Prompt - Exact copy, no pictures: every line from the one that contains "Skoda Octavia 2019" through the end of the data below, and nothing else.

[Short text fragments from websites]

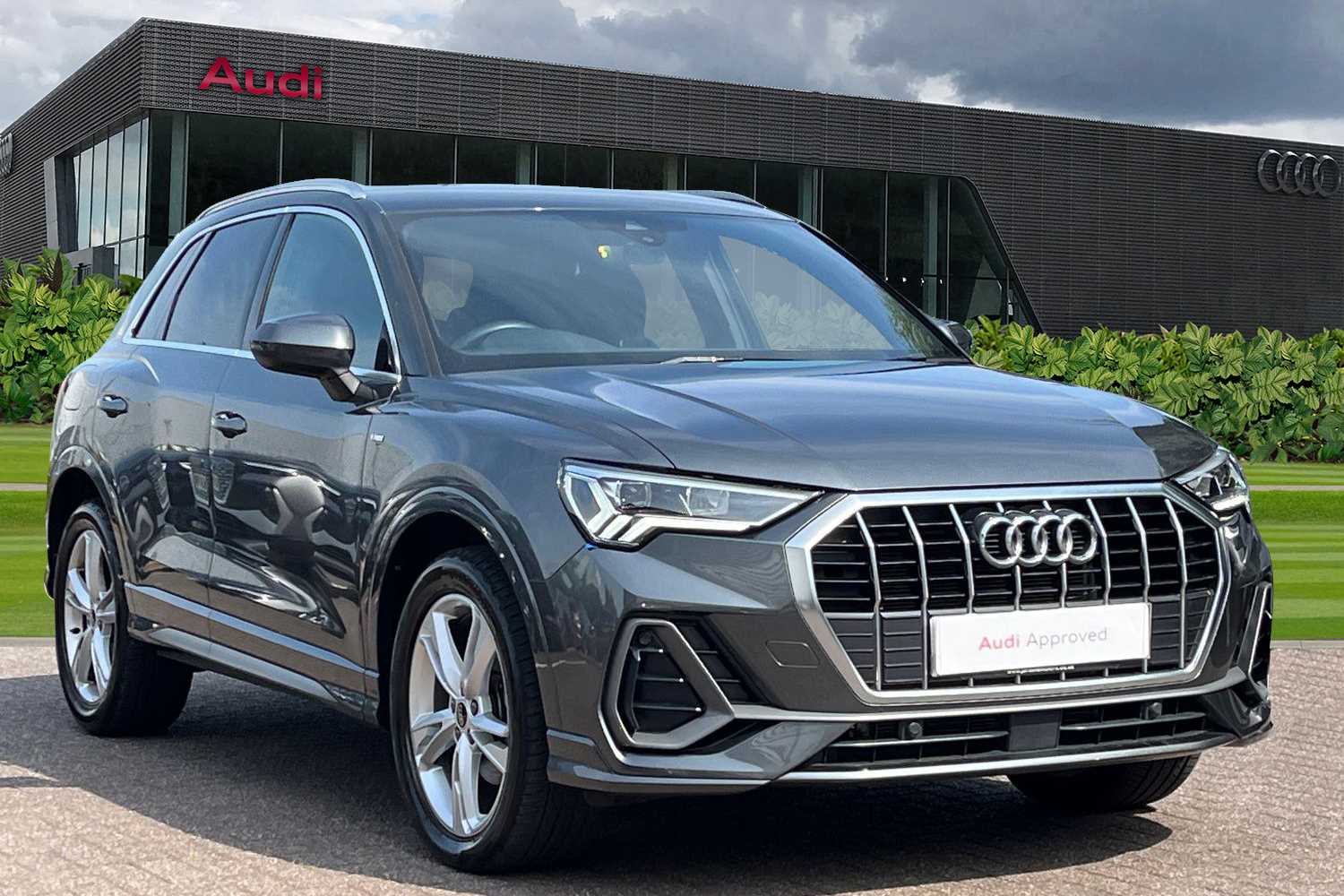 Main listing image - Audi Q3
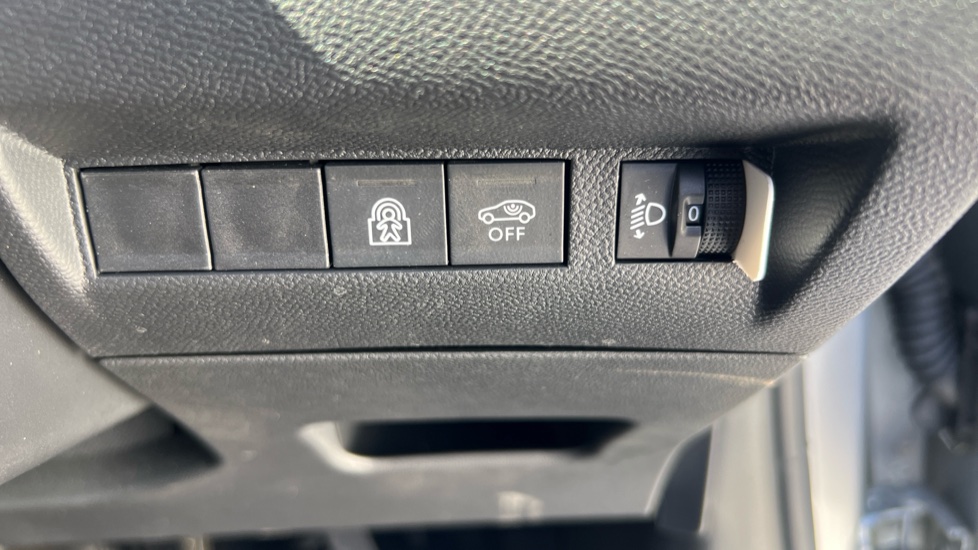 Peugeot 208 1.2 PureTech 100 Allure 5dr Petrol Hatchback - Image 38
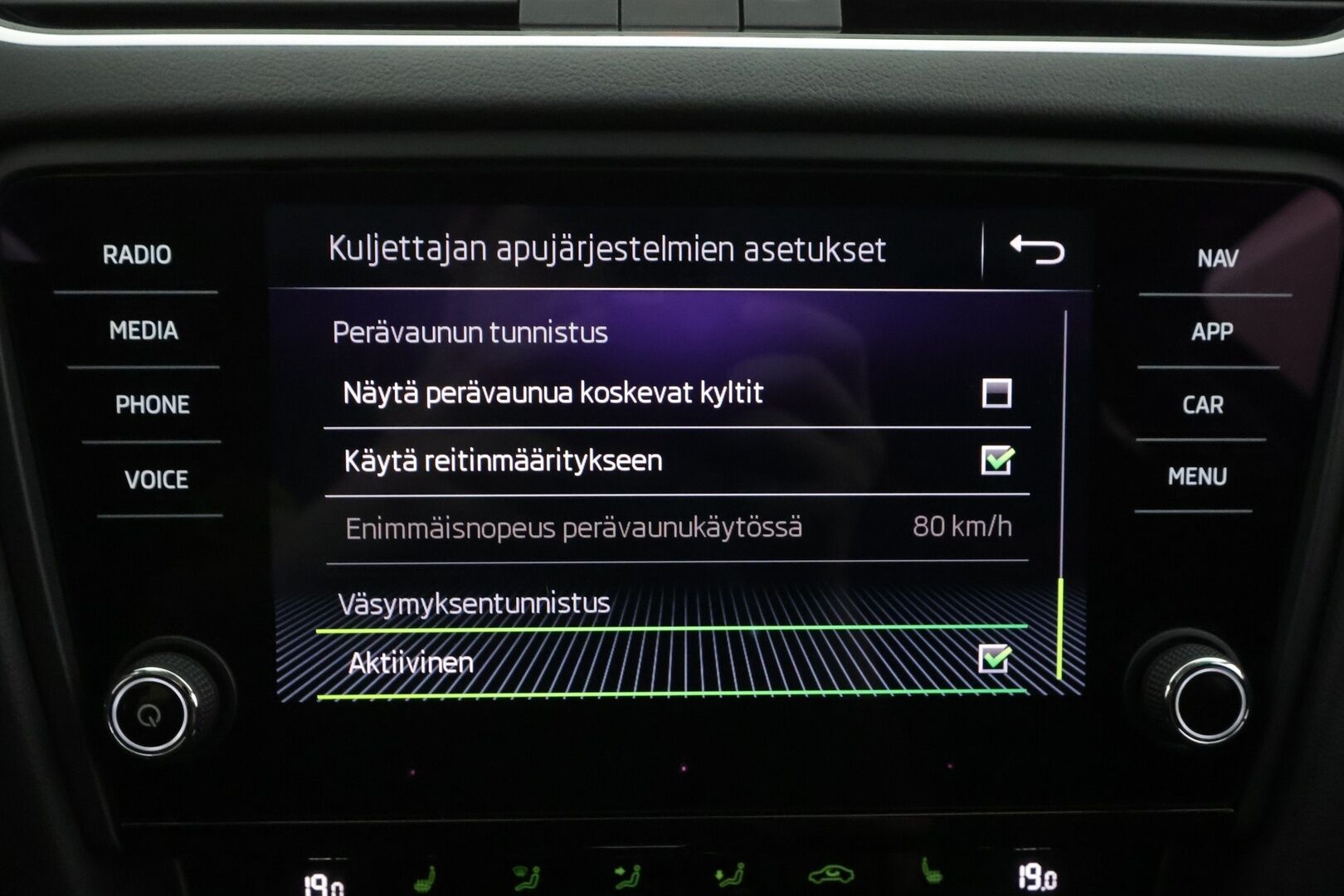 Skoda Octavia 2019 Combi 1,5 TSI Style BusinessLine DSG Autom. - | Juuri huollettu & Jakohihna vaihdettu! | ACC | Webasto | Koukku | P.Kamera | LED | Ratinlämmitys | Digimittaristo | Keyless | Apple&Android | Suomi-auto | Kahdet Renkaat |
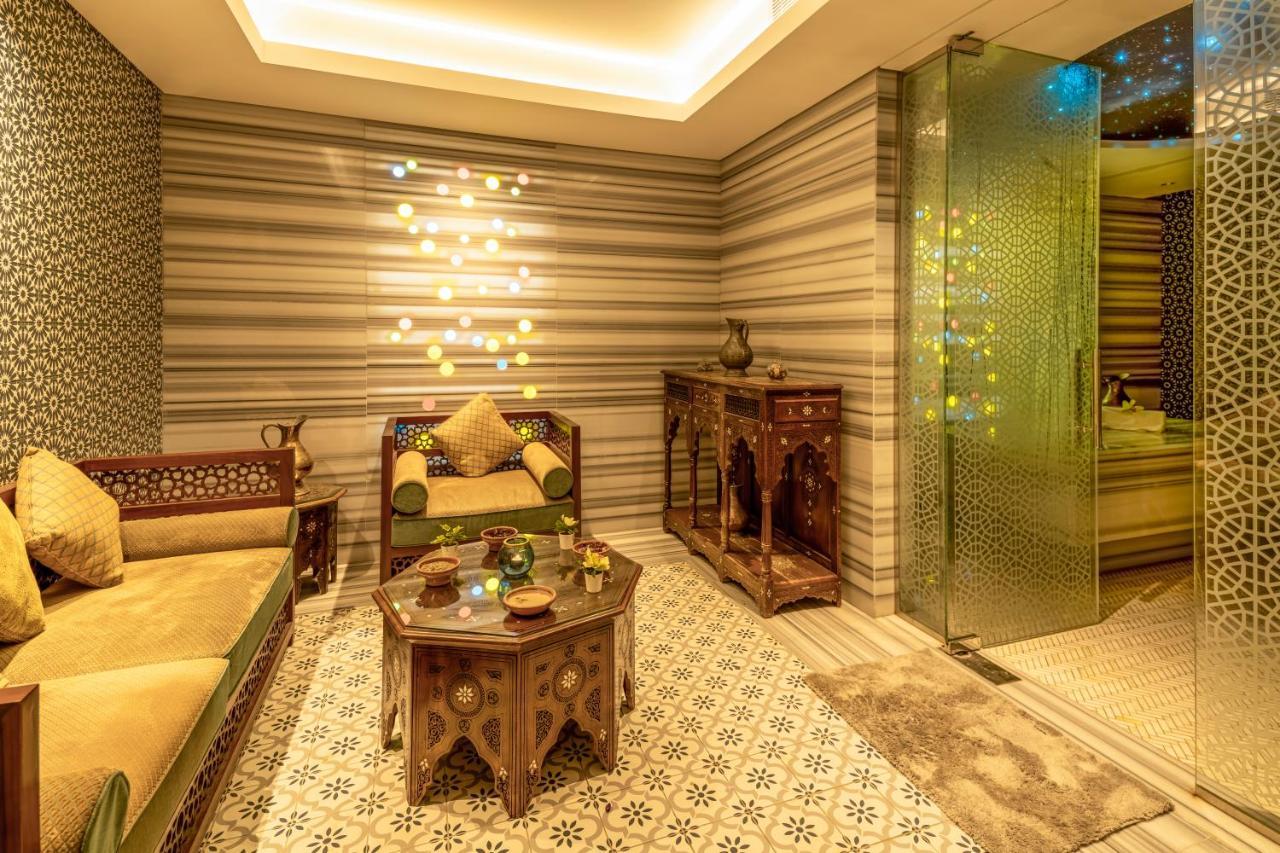 Pullman Sharjah Hotel Kültér fotó A hammam in the Emirates Palace Hotel, Abu Dhabi, United Arab Emirates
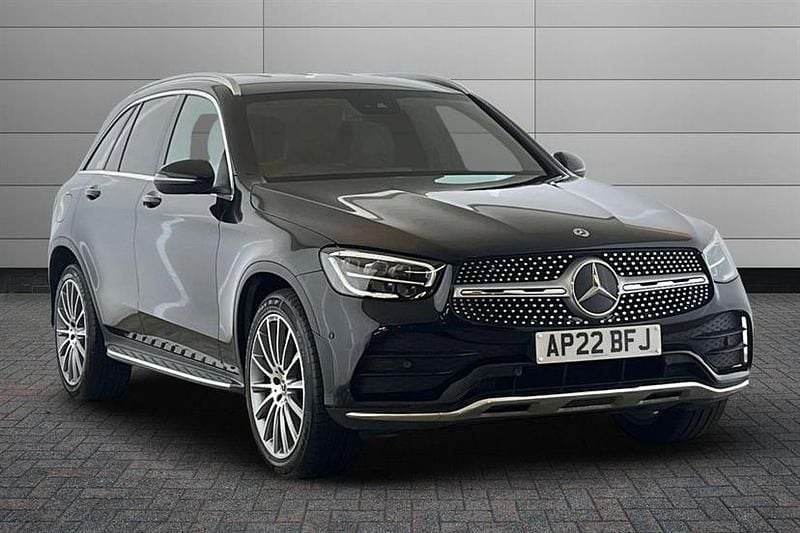 Obsidian black Used 2022 Mercedes GLC220 AMG Line Premium Estate | £31,350 (Expensive) - Image 1/4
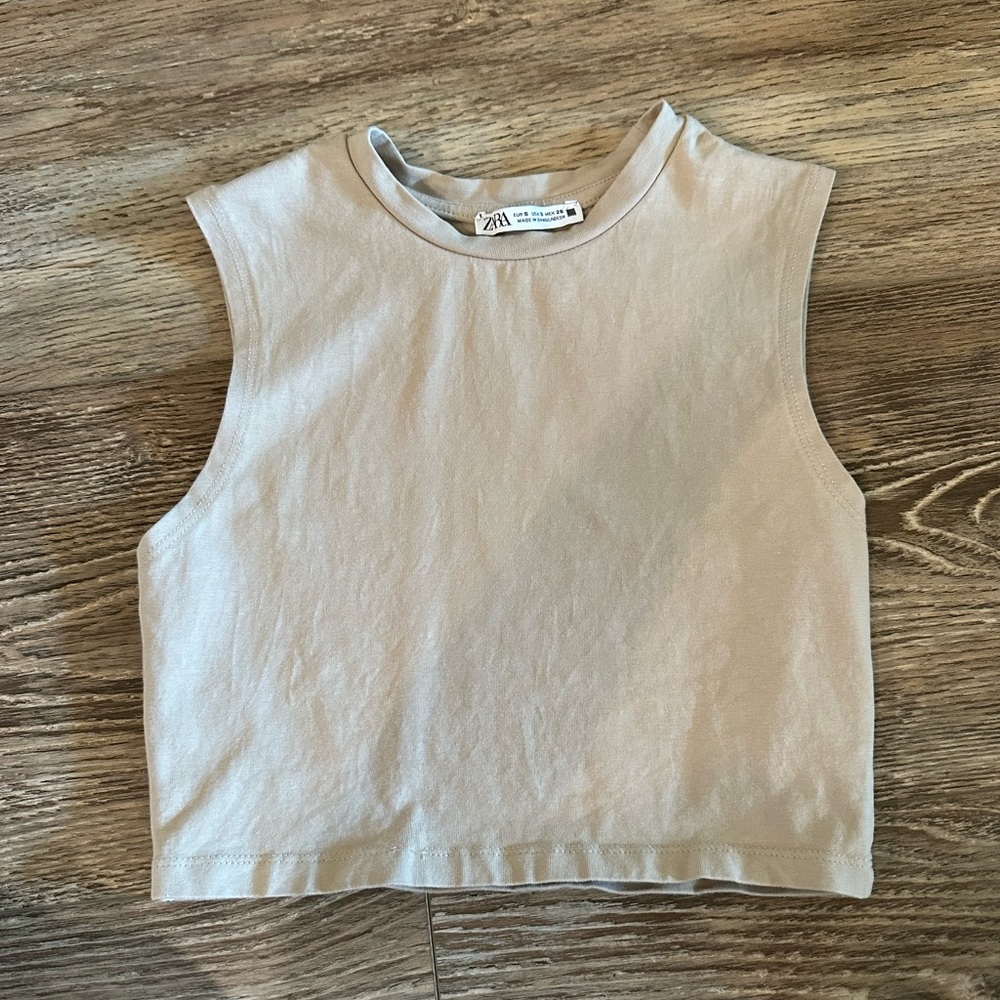 ZARA tan tank NWOT pretty cropped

Solution to this problem -
 Skoda Octavia 2019 Combi 1,5 TSI Style BusinessLine DSG Autom. - | Juuri huollettu & Jakohihna vaihdettu! | ACC | Webasto | Koukku | P.Kamera | LED | Ratinlämmitys | Digimittaristo | Keyless | Apple&Android | Suomi-auto | Kahdet Renkaat |
 Pullman Sharjah Hotel Kültér fotó A hammam in the Emirates Palace Hotel, Abu Dhabi, United Arab Emirates
 Obsidian black Used 2022 Mercedes GLC220 AMG Line Premium Estate | £31,350 (Expensive) - Image 1/4
 ZARA tan tank NWOT pretty cropped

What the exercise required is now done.